**What you should do:**
Without altering a single word, repeat the records that follow.
** Opening Material for the task block **
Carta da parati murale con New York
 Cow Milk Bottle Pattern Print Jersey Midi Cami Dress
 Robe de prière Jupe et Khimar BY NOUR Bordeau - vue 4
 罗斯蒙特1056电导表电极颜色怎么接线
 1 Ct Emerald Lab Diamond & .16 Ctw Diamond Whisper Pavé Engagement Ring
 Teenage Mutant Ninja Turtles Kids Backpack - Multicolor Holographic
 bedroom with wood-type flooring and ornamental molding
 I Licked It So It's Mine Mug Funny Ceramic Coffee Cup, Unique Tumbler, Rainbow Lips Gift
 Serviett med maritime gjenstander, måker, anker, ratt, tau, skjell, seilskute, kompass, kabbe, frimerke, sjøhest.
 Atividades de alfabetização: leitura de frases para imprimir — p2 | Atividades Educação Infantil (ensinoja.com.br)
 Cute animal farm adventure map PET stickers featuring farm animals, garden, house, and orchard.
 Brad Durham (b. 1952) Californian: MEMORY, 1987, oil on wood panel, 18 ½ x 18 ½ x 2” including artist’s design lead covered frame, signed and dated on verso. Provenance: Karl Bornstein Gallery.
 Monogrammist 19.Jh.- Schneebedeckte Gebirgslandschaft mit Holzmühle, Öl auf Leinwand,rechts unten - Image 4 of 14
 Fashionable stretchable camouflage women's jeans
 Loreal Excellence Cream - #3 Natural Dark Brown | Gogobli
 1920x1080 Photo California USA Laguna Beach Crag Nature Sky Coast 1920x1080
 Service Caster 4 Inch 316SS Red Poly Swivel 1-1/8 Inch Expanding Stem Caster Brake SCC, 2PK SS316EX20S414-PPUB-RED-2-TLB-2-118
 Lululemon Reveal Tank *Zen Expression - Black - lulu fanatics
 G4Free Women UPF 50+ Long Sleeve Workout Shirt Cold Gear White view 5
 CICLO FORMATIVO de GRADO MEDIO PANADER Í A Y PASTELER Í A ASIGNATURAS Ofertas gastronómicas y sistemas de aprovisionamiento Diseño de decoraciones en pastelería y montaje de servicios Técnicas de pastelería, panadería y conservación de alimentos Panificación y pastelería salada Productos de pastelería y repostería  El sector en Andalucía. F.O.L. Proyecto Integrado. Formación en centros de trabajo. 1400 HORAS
** Closing Material for the task block **
**Task output:**
Carta da parati murale con New York
 Cow Milk Bottle Pattern Print Jersey Midi Cami Dress
 Robe de prière Jupe et Khimar BY NOUR Bordeau - vue 4
 罗斯蒙特1056电导表电极颜色怎么接线
 1 Ct Emerald Lab Diamond & .16 Ctw Diamond Whisper Pavé Engagement Ring
 Teenage Mutant Ninja Turtles Kids Backpack - Multicolor Holographic
 bedroom with wood-type flooring and ornamental molding
 I Licked It So It's Mine Mug Funny Ceramic Coffee Cup, Unique Tumbler, Rainbow Lips Gift
 Serviett med maritime gjenstander, måker, anker, ratt, tau, skjell, seilskute, kompass, kabbe, frimerke, sjøhest.
 Atividades de alfabetização: leitura de frases para imprimir — p2 | Atividades Educação Infantil (ensinoja.com.br)
 Cute animal farm adventure map PET stickers featuring farm animals, garden, house, and orchard.
 Brad Durham (b. 1952) Californian: MEMORY, 1987, oil on wood panel, 18 ½ x 18 ½ x 2” including artist’s design lead covered frame, signed and dated on verso. Provenance: Karl Bornstein Gallery.
 Monogrammist 19.Jh.- Schneebedeckte Gebirgslandschaft mit Holzmühle, Öl auf Leinwand,rechts unten - Image 4 of 14
 Fashionable stretchable camouflage women's jeans
 Loreal Excellence Cream - #3 Natural Dark Brown | Gogobli
 1920x1080 Photo California USA Laguna Beach Crag Nature Sky Coast 1920x1080
 Service Caster 4 Inch 316SS Red Poly Swivel 1-1/8 Inch Expanding Stem Caster Brake SCC, 2PK SS316EX20S414-PPUB-RED-2-TLB-2-118
 Lululemon Reveal Tank *Zen Expression - Black - lulu fanatics
 G4Free Women UPF 50+ Long Sleeve Workout Shirt Cold Gear White view 5
 CICLO FORMATIVO de GRADO MEDIO PANADER Í A Y PASTELER Í A ASIGNATURAS Ofertas gastronómicas y sistemas de aprovisionamiento Diseño de decoraciones en pastelería y montaje de servicios Técnicas de pastelería, panadería y conservación de alimentos Panificación y pastelería salada Productos de pastelería y repostería  El sector en Andalucía. F.O.L. Proyecto Integrado. Formación en centros de trabajo. 1400 HORAS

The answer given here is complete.